Communicating with survival-level Melanesian Pidgin—and aided by a young villager’s broken English—I soon assembled a crew of porters to help carry my equipment and two weeks of food higher into the mountains. The hike started with a steep scramble down into a gorge and across the raging Uruwa River on a rickety bamboo bridge. Next came a 4,000-foot climb up the other side of the valley. By the time we reached the ridgetops, we had entered a magnificent cloud forest where every surface seemed to be dripping with moss. From there, we dropped down into a smaller river valley and back up before reaching a campsite at about 8,500 feet. There I met Brett Benz, an ornithologist from the University of Kansas who studies bowerbirds. He had arrived a week before and was camped with local field assistants.
Brett had good news. In fruiting trees near the camp, he’d been seeing many Huon astrapias—one of the bird species I was looking for—and had possibly found a tree where the birds display. For the next week, capturing images of this remarkable creature became my primary task, and my efforts were well rewarded.
As for the other two species—Wahnes’ parotia and the emperor bird of paradise—the birds eluded me on that first trip to the Huon. With help from villagers, I at least spotted emperor birds of paradise, but my timing was off: Because the breeding season was over, the males had lost their plumes. Several months later, I did successfully capture both species with my camera when I returned with Edwin Scholes of the Cornell Lab of Ornithology, one of the world’s leading field researchers on birds of paradise.
My luck with tree kangaroos was better. About a week into my first trip, Victor, a tracker for the Tree Kangaroo Conservation Program, arrived at our camp and offered to take me out the next day to search for the animals. My chance of spotting one of these very rare creatures on my own was basically nil, so I accepted the invitation. Because Victor Eki and the research team had captured and radio-collared several kangaroos earlier in the season, he would be able to use the animals’ signals to find them.

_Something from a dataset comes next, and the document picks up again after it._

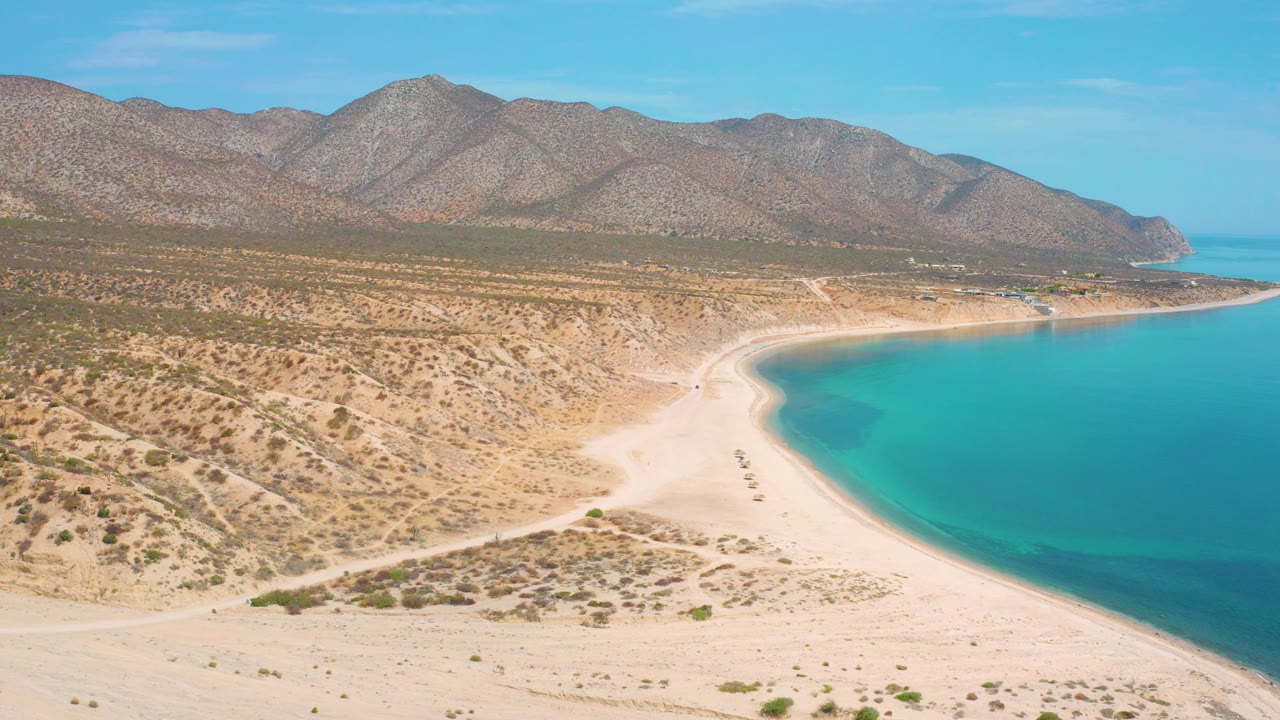 Drone view of a beach curve, bright blue sea, scrub flats, and mountains.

The next morning, we set off on a two-hour hike up to nearly 10,000 feet, where the forest was even mossier than around our camp. Around 11:00 a.m., Victor picked up a signal, and we gradually homed in on what turned out to be a female accompanied by a nearly full-grown joey. Eventually, we spotted the animals high in a tree, peering down at us from the tops of branches covered by moss and other epiphytes. Like two curious teddy bears, they stared at us for several minutes, then crawled over one another, nuzzled and climbed higher into the tree, where they settled down for a nap. Not much action, but enough to get a few good shots of these extraordinary mammals.
Dabek and her colleagues have been using the tree kangaroo as a flagship species to promote establishment of a community-based conservation area on the Huon. Because indigenous people own 95 percent of the land in Papua New Guinea, local landowners—not just the central government—must support land conservation measures. The tree kangaroo turned out to be the perfect ambassador: Local people value the animals both for food and for their fur, which is used in ceremonial headdresses. Hunters have come to realize that the kangaroo is becoming scarcer and might be exterminated in the future.

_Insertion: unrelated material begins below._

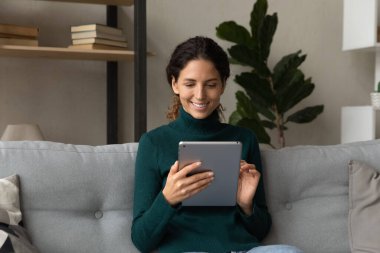 Happy young latin woman using digital tablet.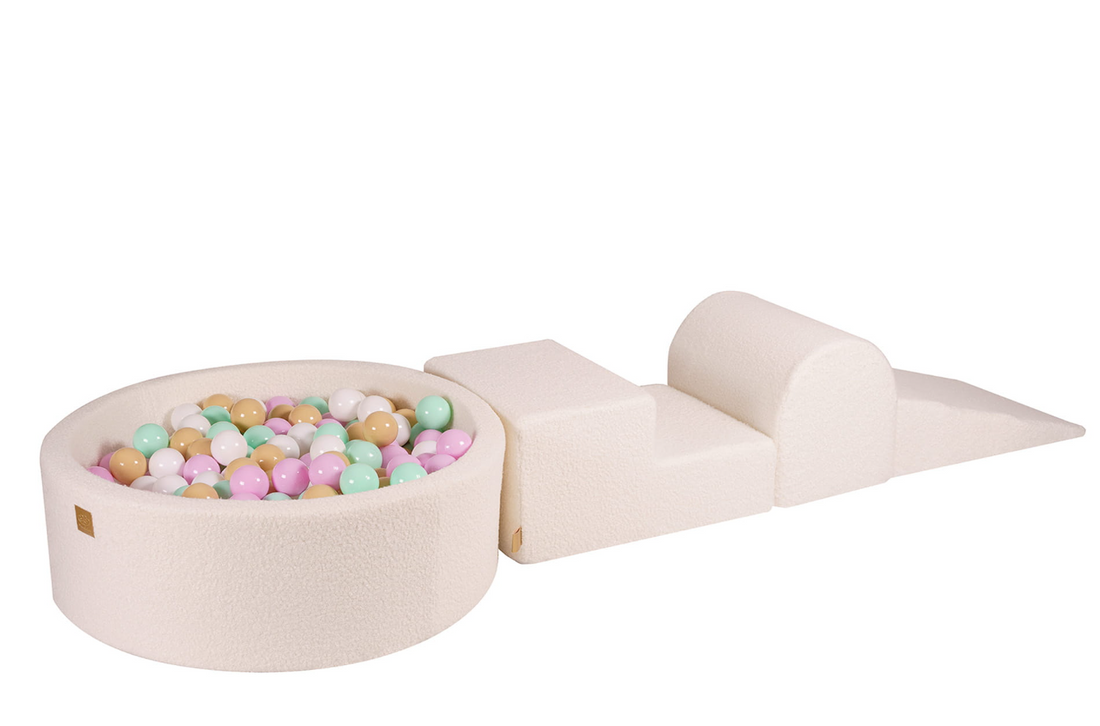 White soft play climbing blocks and ball pit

Early last year, the project’s efforts finally paid off. In a meeting with government officials, more than 35 villages came together and agreed to each commit a portion of their land to a new reserve called the YUS Conservation Area (an acronym for the region’s three rivers: the Yopno, Uruwa, and Som). Within land pledged to the reserve, villagers agreed to prohibit all hunting as well as development such as logging and mining. The agreement was historic: YUS is the first conservation area ever designated under the country’s Conservation Areas Act of 1978. The new reserve also has global implications: By protecting 187,800 acres of forest, YUS will prevent an estimated 13 million tons of carbon from being released into the atmosphere.
The YUS Conservation Area extends from the high mountains to, in a few sections, the coast. It therefore protects not only tree kangaroos, but birds of paradise and the rest of the peninsula’s vast diversity. Many of these species, particularly smaller ones like frogs and insects, remain to be discovered and studied by a younger generation of field scientists—at least some of them from Papua New Guinea. “What we have accomplished here is more than just an act of environmental preservation,” says Dabek. “It’s a sustainable model for community-based conservation that works.”
Tim Laman is a research associate in the Ornithology Department at Harvard University’s Museum of Comparative Zoology. Learn more about the Tree Kangaroo Conservation Program.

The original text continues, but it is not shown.